Assignment » Exact reproduction of all the data is required, with pictures excluded.

Supplied data »
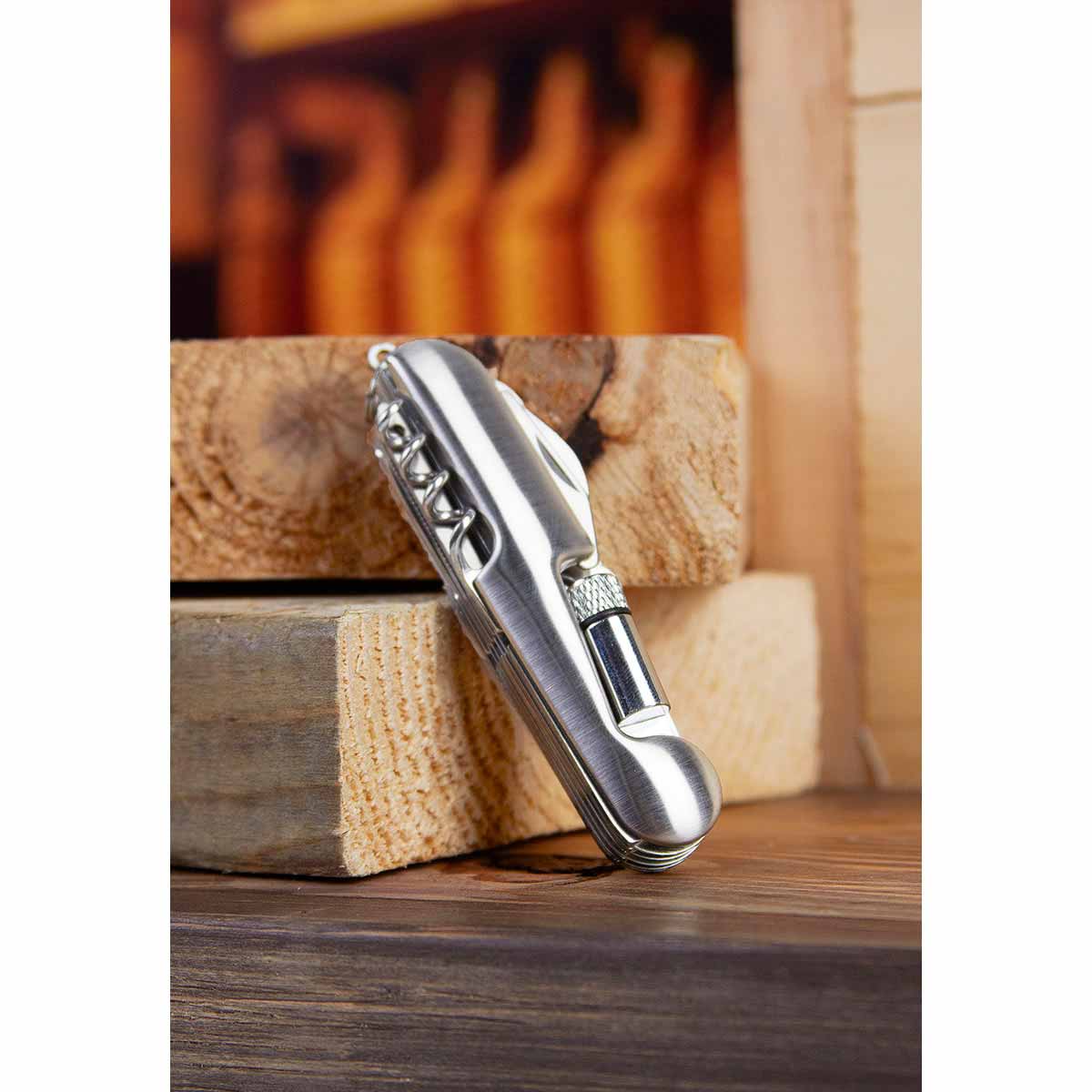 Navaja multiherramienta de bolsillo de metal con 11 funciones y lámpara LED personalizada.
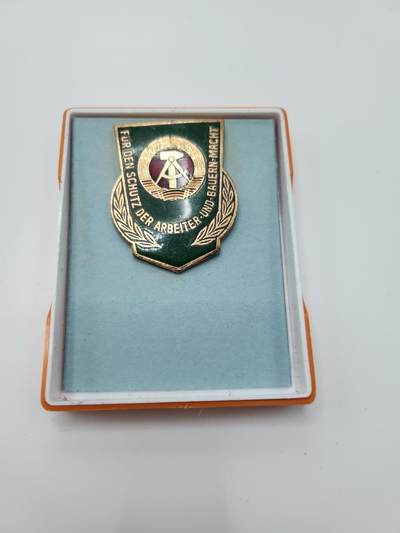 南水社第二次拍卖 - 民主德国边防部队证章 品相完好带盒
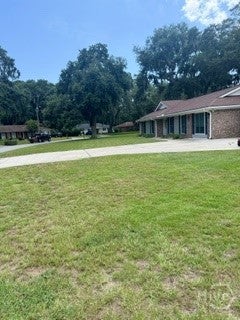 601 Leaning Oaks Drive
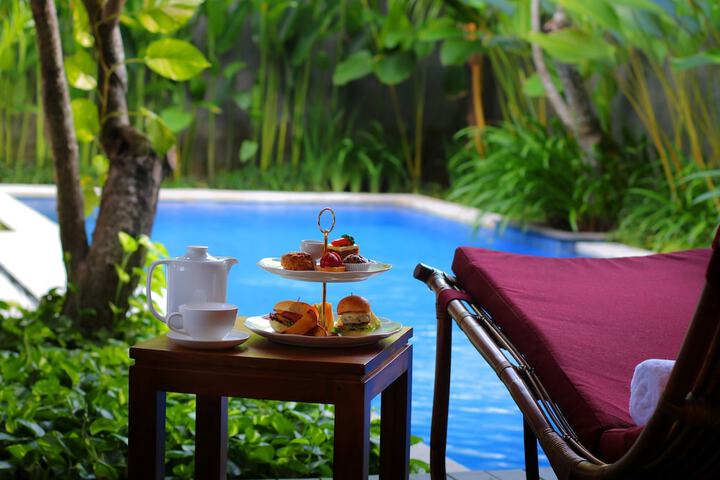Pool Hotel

Answer »
 Navaja multiherramienta de bolsillo de metal con 11 funciones y lámpara LED personalizada.
 南水社第二次拍卖 - 民主德国边防部队证章 品相完好带盒
 601 Leaning Oaks Drive
Pool Hotel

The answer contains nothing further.